Czech Research Library before 1990: External Ties

2. The publishing world was strictly regulated under the previous regime: all publishing houses were state enterprises (any other attempt at publishing was punishable by law), and all materials had to pass the scrutiny of the state (political) censor. Not everything that was published was necessarily political trash, and editions were limited; the resulting economy of shortage created a high demand for printed material, particularly modern fiction, translations from foreign languages, and the literary weekly [hence "Seller's Market"]. Libraries benefited from this situation. Because all state scientific and research libraries were recipients of the legal deposit, their (domestic) acquisitions were, de facto, guaranteed. At present the number of libraries covered by the deposit requirement has been reduced from some three dozen to half a dozen. This change was meant to ease the burden on publishers and give the libraries a freer hand in building their collection in a "competitive marketplace." But considering the severe cuts in the budget, many of the libraries cannot begin to fulfill even the most Spartan acquisitions policy. For the same reason publishers, of whom there are many and all of whom are private and competing for the readers' attention, do not consider libraries as important parts of their market. Furthermore, many of the small and often short-lived houses do not bother to apply for the ISBN or to send at least one copy (the legal deposit law is impossible to enforce) to the National Library, which, in turn, cannot fulfill its mandate of maintaining the national bibliographic record.

― 215 ―

Figure 13.2.
Czech Research Library after 1990: External Ties

3. During the Communist era, access to materials was limited for several obvious reasons: political control (books on the Index, limited number of books from Western countries, theft) or deliberate neglect (the progressively deteriorating storage conditions eventually made it impossible to retrieve materials). Over the years there was less and less correspondence between the card catalogs in the circulation room and the actual holdings, and as a result, students and scholars stopped using the National Library in Prague because it was increasingly unlikely that their requests would be filled. This situation was also true for current Czech or Slovak publications because of an incredible backlog in cataloging or because the books remained unshelved. Of course, in such a system there was no place for user feedback. Since then, some notable improvements-many of them due to Mellon and other initiatives-have been made in public services, such as self-service photocopying machines and, to remain with the example of the National Library, quick retrieval of those volumes that have been reshelved in the new depository. Also, readers are now used to searching the electronic OPACs or using the CD-ROM databases in the reference room. On the other hand, the backlog of uncataloged books is said to be worse than before and, with acquisitions cut back and the legal deposit not observed, the reader continues to leave the circulation desk empty-handed. The paradoxical situation is not lost on the reader: if the books are out of print or, as is more often the case these days, their price beyond what readers could

― 216 ―

afford, going to the library may not be a solution either. So far the basic library philosophy has remained the same as it has throughout its history: although there is concern for the user, libraries are not genuinely "user driven" (only a few university libraries have adopted an open stack policy) and, as far as I can tell, user feedback is not a key source of information actively sought, analyzed, and used in setting priorities.

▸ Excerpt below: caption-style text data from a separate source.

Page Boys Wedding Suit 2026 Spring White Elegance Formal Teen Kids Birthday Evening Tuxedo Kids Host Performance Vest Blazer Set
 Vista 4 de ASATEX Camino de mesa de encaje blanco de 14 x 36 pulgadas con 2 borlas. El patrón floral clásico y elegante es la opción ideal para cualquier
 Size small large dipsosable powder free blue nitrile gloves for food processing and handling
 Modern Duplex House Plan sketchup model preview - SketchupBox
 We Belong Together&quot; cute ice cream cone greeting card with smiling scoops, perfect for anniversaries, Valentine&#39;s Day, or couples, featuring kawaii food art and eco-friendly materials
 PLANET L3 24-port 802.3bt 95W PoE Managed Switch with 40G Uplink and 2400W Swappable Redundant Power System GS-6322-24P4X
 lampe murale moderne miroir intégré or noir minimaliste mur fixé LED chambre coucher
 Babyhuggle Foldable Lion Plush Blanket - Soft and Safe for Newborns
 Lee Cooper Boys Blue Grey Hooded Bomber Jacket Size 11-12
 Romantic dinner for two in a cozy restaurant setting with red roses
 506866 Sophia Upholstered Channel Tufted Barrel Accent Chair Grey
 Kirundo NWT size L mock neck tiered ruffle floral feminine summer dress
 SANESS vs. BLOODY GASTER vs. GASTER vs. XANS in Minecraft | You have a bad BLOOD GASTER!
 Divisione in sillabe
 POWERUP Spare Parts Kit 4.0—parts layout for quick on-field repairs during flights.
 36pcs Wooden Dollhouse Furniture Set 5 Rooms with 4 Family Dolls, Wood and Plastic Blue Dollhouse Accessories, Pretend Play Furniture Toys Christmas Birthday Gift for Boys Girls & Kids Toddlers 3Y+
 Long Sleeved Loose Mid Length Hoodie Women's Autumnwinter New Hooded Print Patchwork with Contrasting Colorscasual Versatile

4. Under the policies of socialist economy, full employment was as much a characteristic of the library as it was of the rest of society. In effect, organizations hoarded labor (as they did everything else) with a sort of just-in-case philosophy in mind, since the point was to fulfill "the plan" at just about any cost and provide full benefits for all with little incentive for career development (other than through political advancement). Goods and services became known for their poor quality; the labor force became known for its extremely low productivity and its lousy work morale. More time seemed to be spent in learning how to trick the system than in working with it, to the point where micro political intrigue-the backbone of the "second" economy- competed very well with the official chain of command. The introduction of a market economy after 1990 did very little to help change this situation in a library, a state organization with no prestige. Simply put, the novelty and promise of the private sector, coupled by its high employment rate and good wages, has literally cut the library out of the competitive market for qualified labor. Between the budget cuts and the wage tables still in place, there is little space left for the new management to negotiate contracts that would attract and keep talented people in the library, certainly not those people with an interest in information technologies and data management.^[19]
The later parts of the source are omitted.